North Little Rock, Ark. — A 2015 story published by National Center for Biotechnology Information, associated with National Institutes of Health, studied high “revision” surgery rates for metal-on-metal hip replacement devices.
“Revision” surgeries are the procedures required to repair or replace failing devices previously implanted.
“Metal-on-Metal HIs Arthroplasty: A Review of Adverse Reactions and Patient Management” was written by three Australian researchers — James Drummond, Melbourne Medical School, University of Melbourne; and Phong Tran and Camdon Fary, both of Department of Orthopaedics, Western Health, Melbourne.
The group’s central finding followed other studies of metal-on-metal (MoM) hip replacement devices compared to devices crafted from other components, such as metal-on-polyethylene (MoP): “MoM bearing surfaces have significantly higher revision rates compared to those with MoP.”
The group found that 20 percent of metal-on-metal devices would require repair or replacement within a decade or so of implantation.

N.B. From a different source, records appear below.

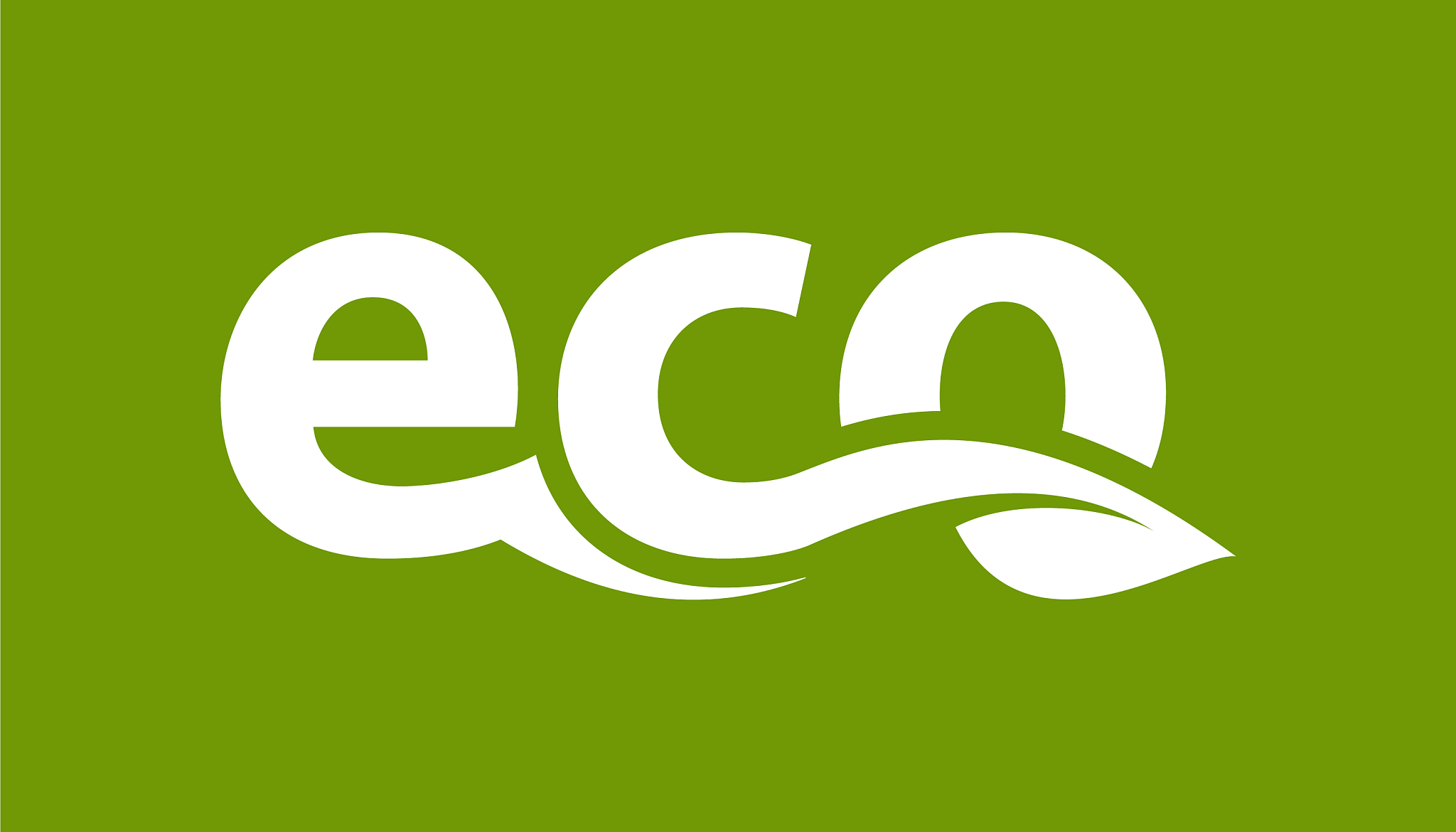 eco logo with leaf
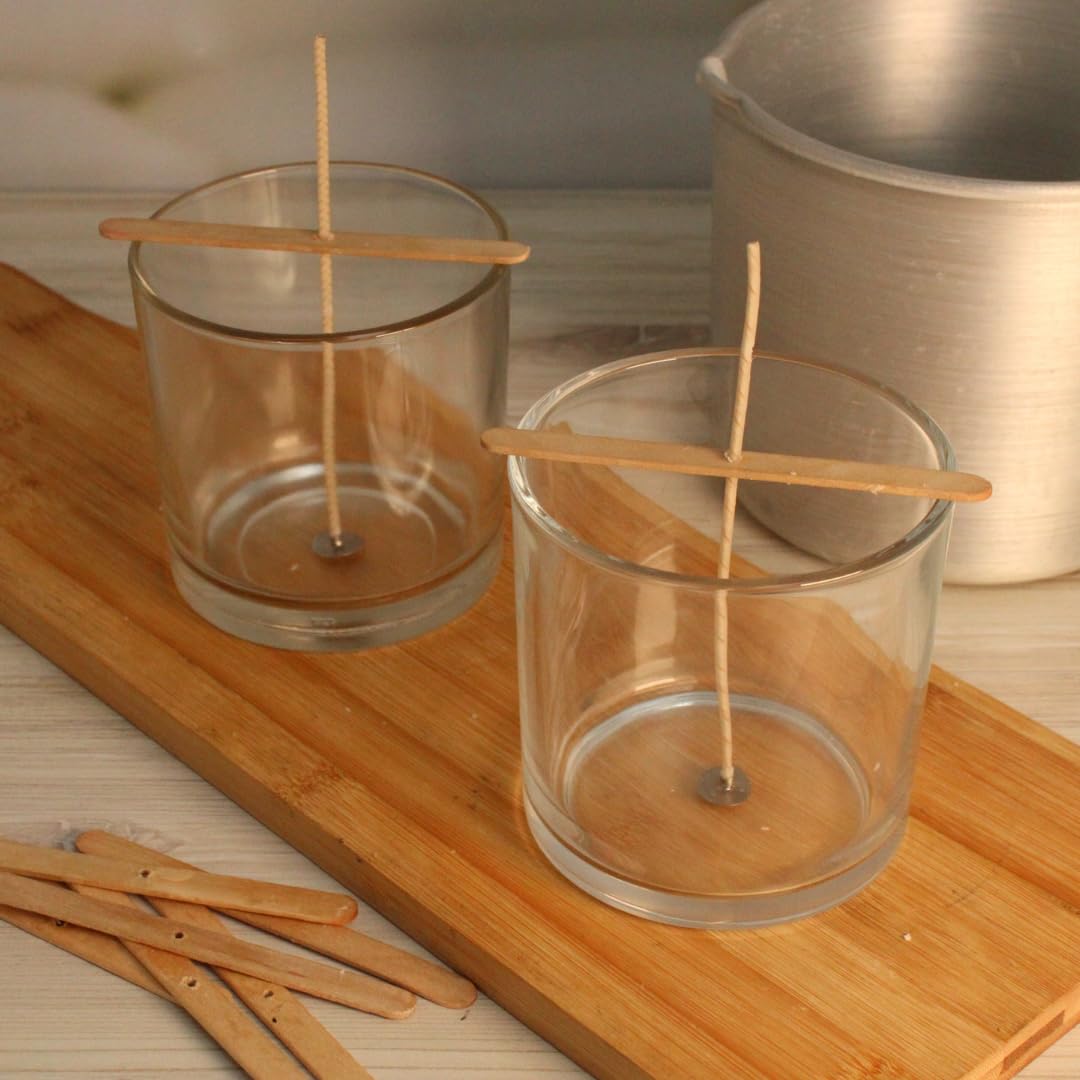 Premium 6-Inch Cotton Candle Wicks for Candle Making - Stabilo CD 18 Wicks (100pcs) - Ideal for DIY Soy Wax, Beeswax & Paraffin Candles - Perfect for Home Decor, Gifts & Aromatherapy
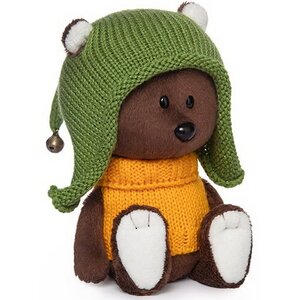Мягкая игрушка Медведь Федот в шапочке и свитере 15 см коллекция Лесята Budi Basa фото 1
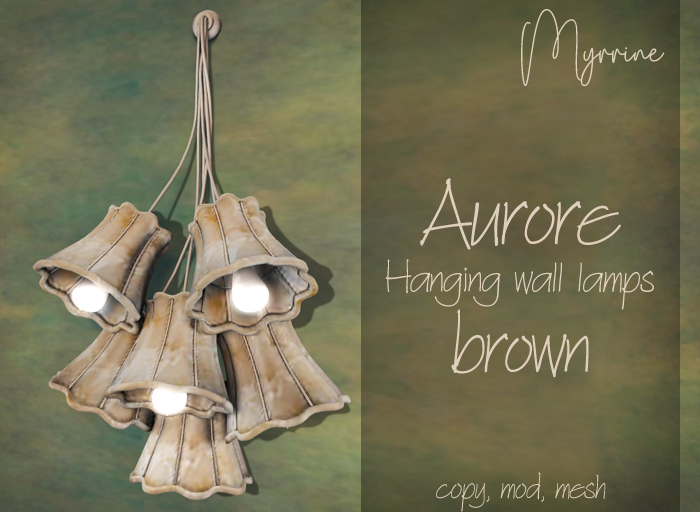 AURORE hanging wall lamp - brown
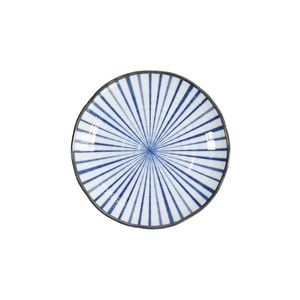 Tokyo Design Natsu Tokusa Plate Blue Stripe Porcelain Microwave Safe 16.5cm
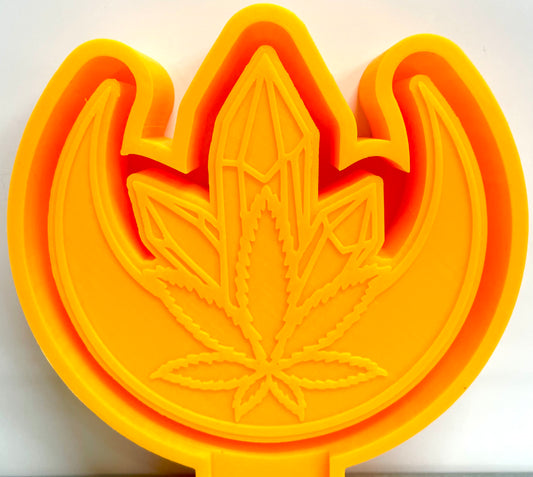 Moon Pot Leaf Crystal Mold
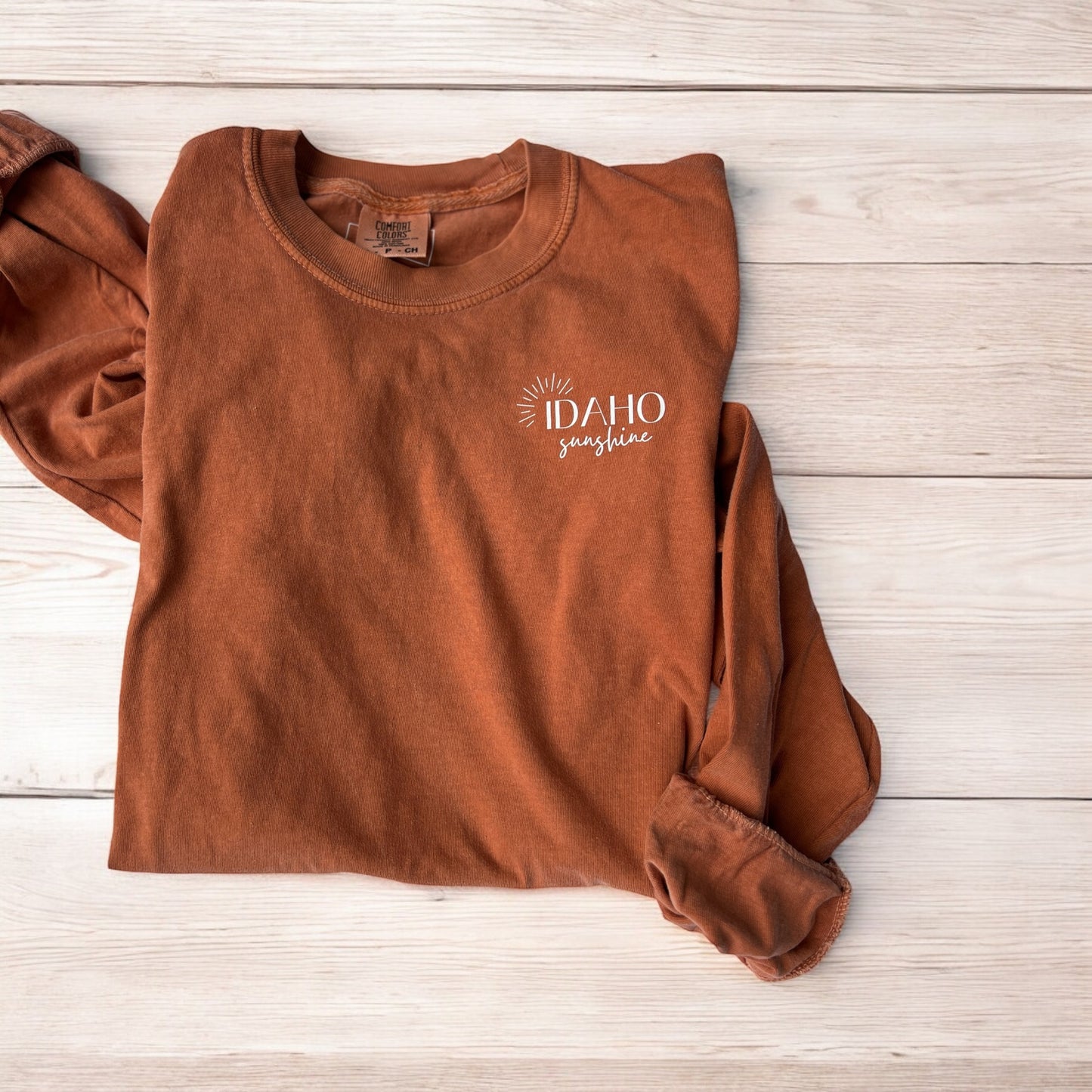 Idaho Sunshine Heather Orange Long Sleeve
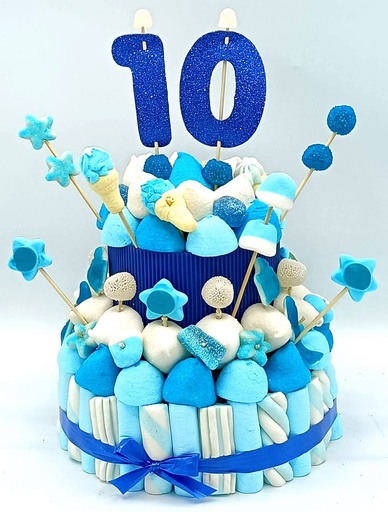 Tarta Chuches Mediana 10 a 19 años Azul-Blanco (Abrir para seleccionar año)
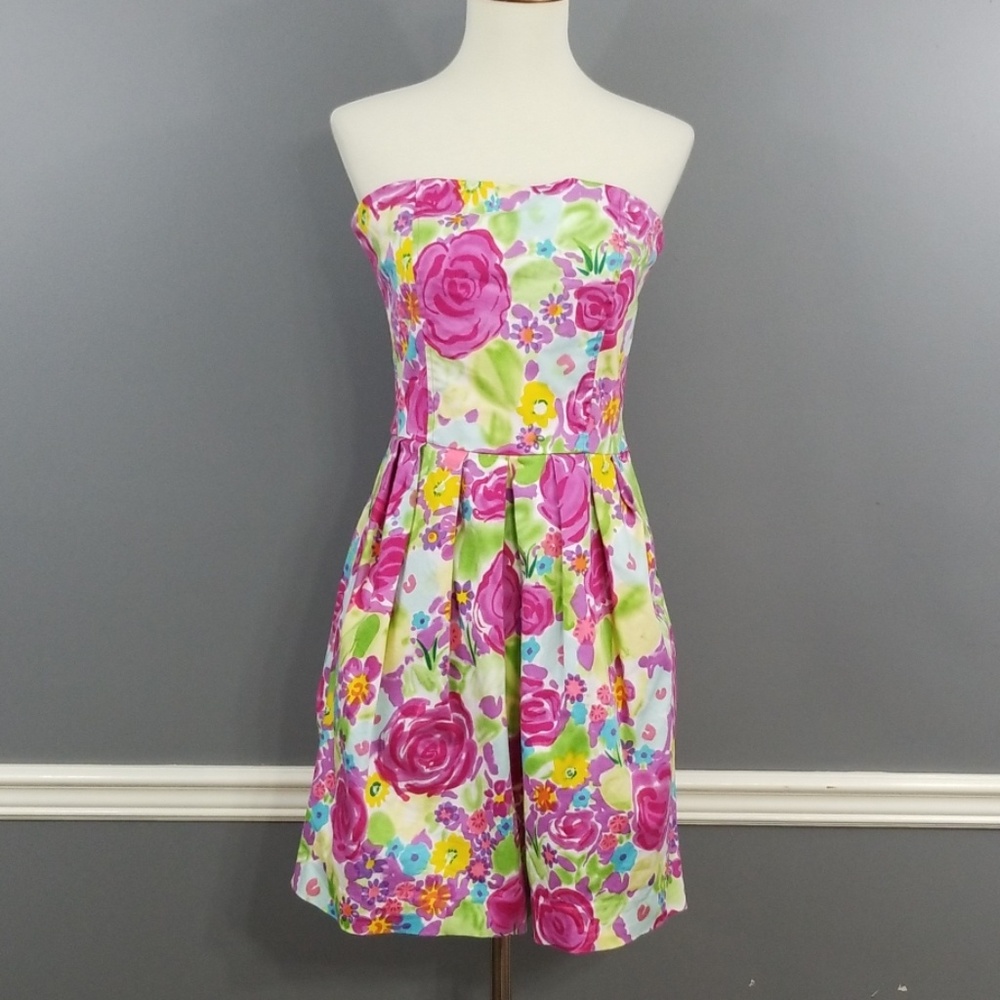 Tulle strapless dress - Picture 1 of 8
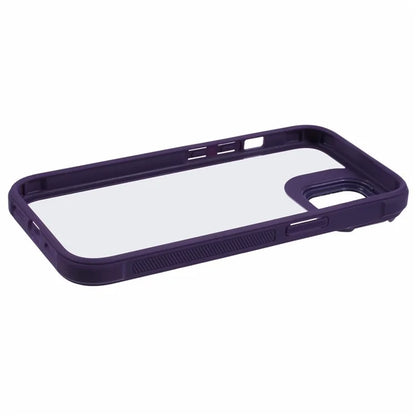 For iPhone 15 Plus Case PC + TPU Phone Cover with Lens Frame Kickstand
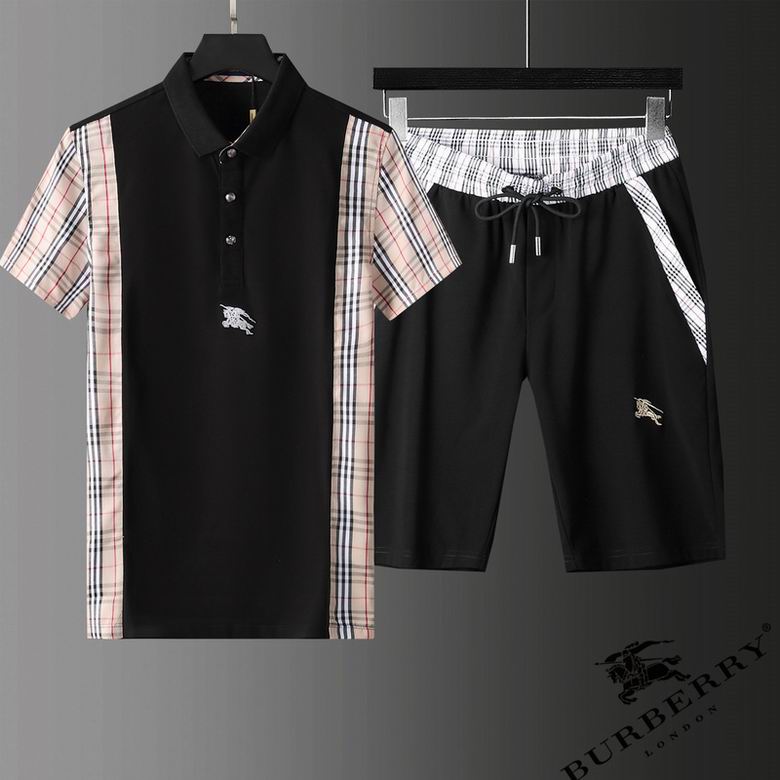 Wholesale Cheap B urberry Short Sleeve Tracksuits for Sale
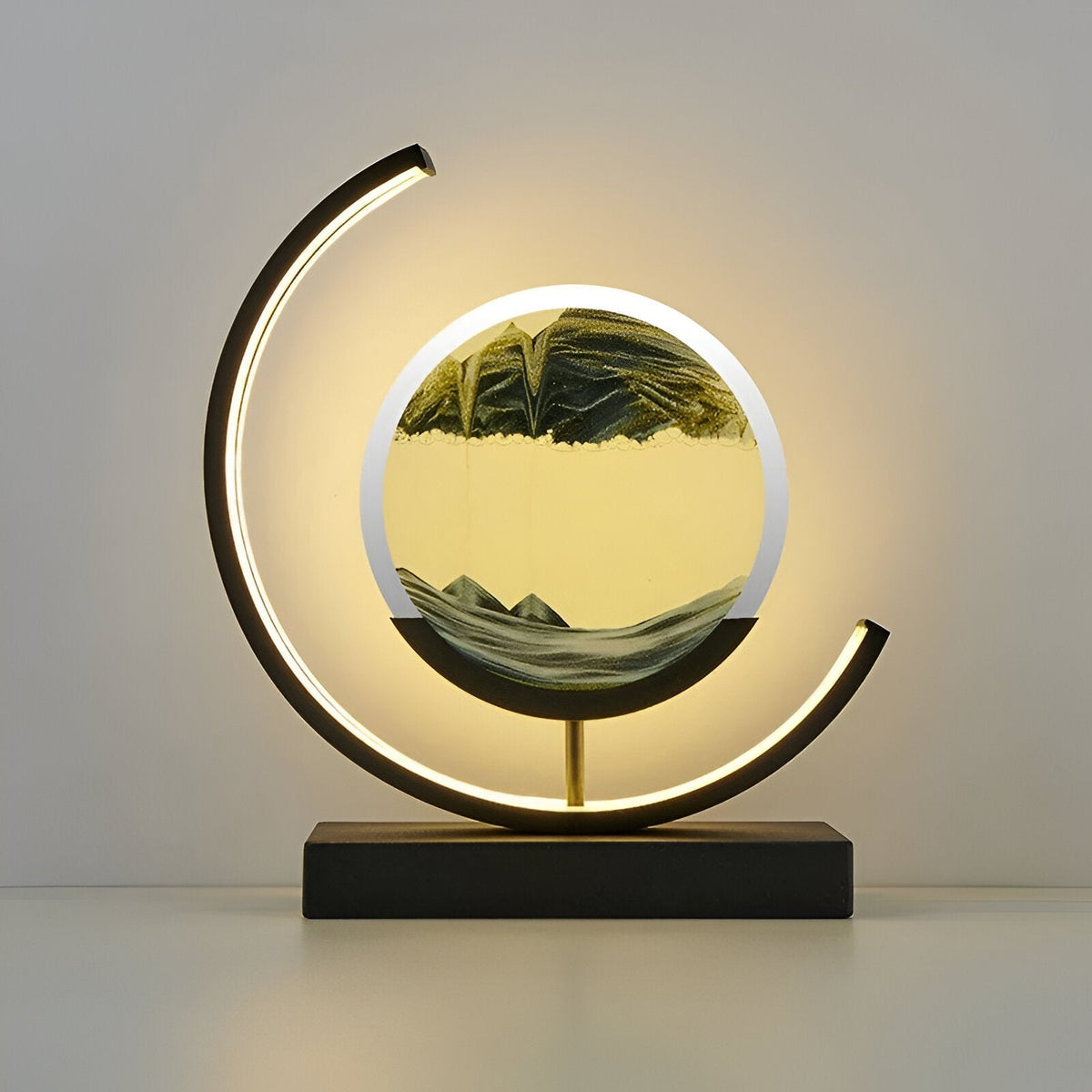 Sand Glow Sand Lamp with Remote Control and Dimmable Light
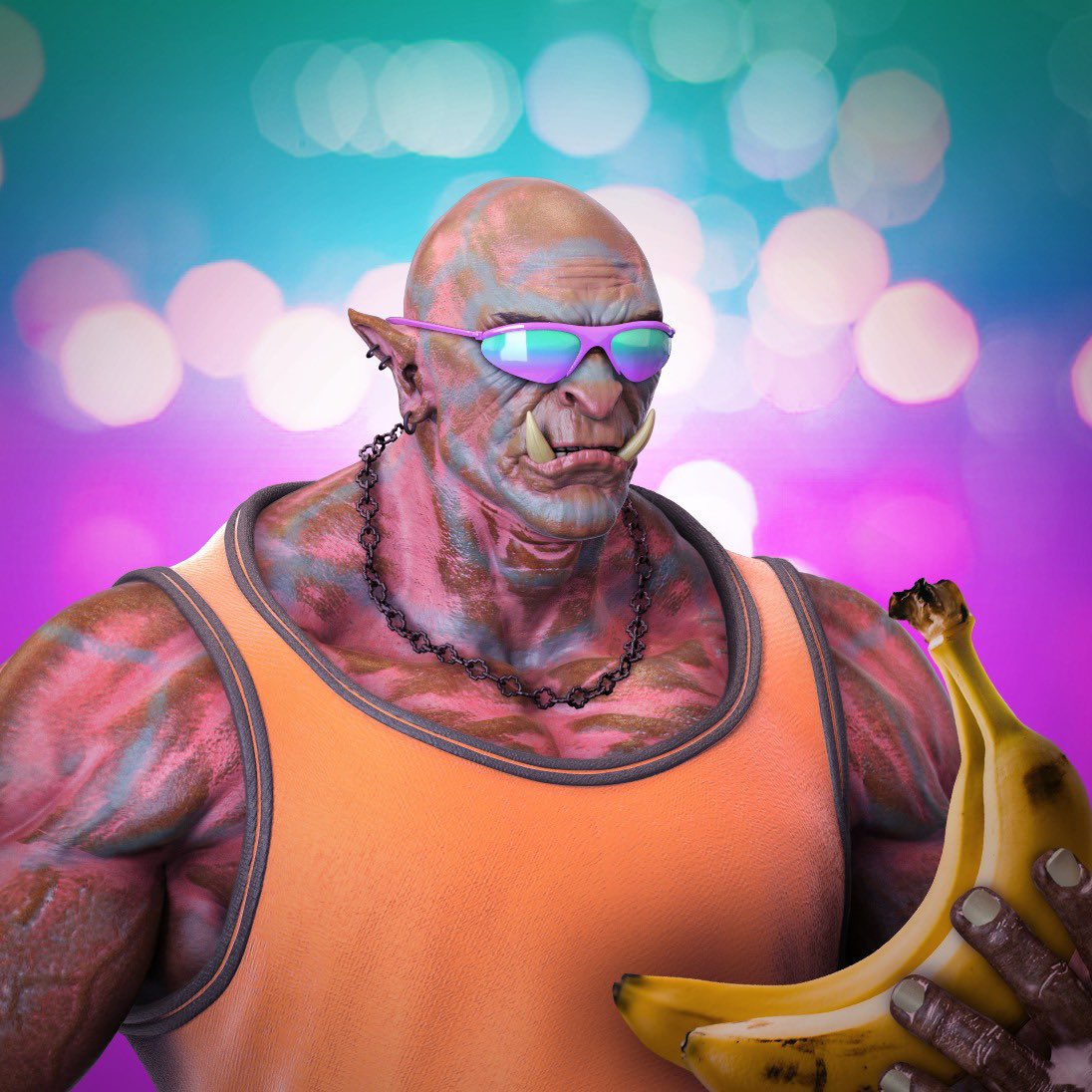 JinjoSolami's tweet image. Got this @Mighty_Orc  from Minting !! dont know if it's good or not but looks cool !!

That percentage compared to 4 percent of metal-on-polyethylene devices. About 13 percent of hip resurfacing devices composed of metal-on-metal required repair or replacement in that same timeframe.
Patients whose devices failed had symptoms such as pain the joint, limited mobility and feelings of restricted movement within the joint itself.
The researchers used Australia’s national joint registry to study the issue and found the same types of issues found elsewhere around the world with metal-on-metal hip replacement/resurfacing devices.
Those issues include adverse reactions to metal debris (ARMD) and metallosis. Aseptic lymphocytic vasculitis associated lesion (ALVAL), is also a problem with such devices. ALVAL is the reaction cells have to certain types of metals — cobalt and chromium — found in metal-on-metal hip replacement/resurfacing devices.
The group noted that female patients and younger patients were more likely to suffer adverse reactions to metal-on-metal devices.
Attorney Lisa G. Douglas of North Little Rock said metal-on-metal hip replacement/resurfacing devices are a danger to anyone who has undergone such surgery.
“These devices have been used for many years, but as the medical community has learned more about the risks associated with them, doctors have increasingly used other types of replacement devices. It is imperative that anyone who has been implanted with a metal-on-metal hip replacement or resurfacing device pay close attention to whether the device seems to be working properly. If it is not, serious health issues are possible,” she explained.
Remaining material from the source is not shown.